MAPF-HD: Multi-Agent Path Finding in High-Density Environments
Hiroya Makino, Seigo Ito
AI summary
Problem
Existing multi-agent path finding methods struggle in high-density environments because optimizing paths for both target and obstructing agents via integer linear programming is computationally prohibitive, while simpler heuristics fail to efficiently relocate obstacles.
Approach
PHANS employs a two-stage heuristic that first plans target paths using a modified A* algorithm accounting for evacuation costs, then sequentially clears obstacles by swapping them with nearby empty vertices.
Key results
- Solves high-density MAPF in seconds for environments exceeding 700 cells
- Reduces computational complexity from exponential to polynomial time
- Effectively evacuates obstructing agents to enable target navigation
- Demonstrates scalability and robustness in large, obstacle-rich environments
Why it matters
Enables real-time path planning for high-density automated warehouses, valet parking, and crowd control applications.
Abstract
Multi-agent path finding (MAPF) involves planning efficient paths for multiple agents to move simultaneously while avoiding collisions.

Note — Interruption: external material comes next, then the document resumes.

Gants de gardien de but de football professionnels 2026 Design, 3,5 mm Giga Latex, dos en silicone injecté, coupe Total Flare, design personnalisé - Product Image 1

In typical warehouse environments, agents are often sparsely distributed along aisles; however, increasing the agent density can improve space efficiency. When the agent density is high, it becomes necessary to optimize the paths not only for goal-assigned agents but also for those obstructing them. This study proposes a novel MAPF framework for high-density environments (MAPF-HD). Several studies have explored MAPF in similar settings using integer linear programming (ILP). How- ever, ILP-based methods require substantial computation time to optimize all agent paths simultaneously. Even in small grid-based environments with fewer than 100 cells, these computations can take tens to hundreds of seconds. Such high computational costs render these methods impractical for large-scale applications such as automated warehouses and valet parking. To address these limitations, we introduce the phased null-agent swapping (PHANS) method. PHANS employs a heuristic approach to incrementally swap positions between agents and empty vertices. This method solves the MAPF-HD problem within a few seconds, even in large environments containing more than 700 cells. The proposed method has the potential to improve efficiency in various real-world applications such as warehouse logistics, traffic management, and crowd control.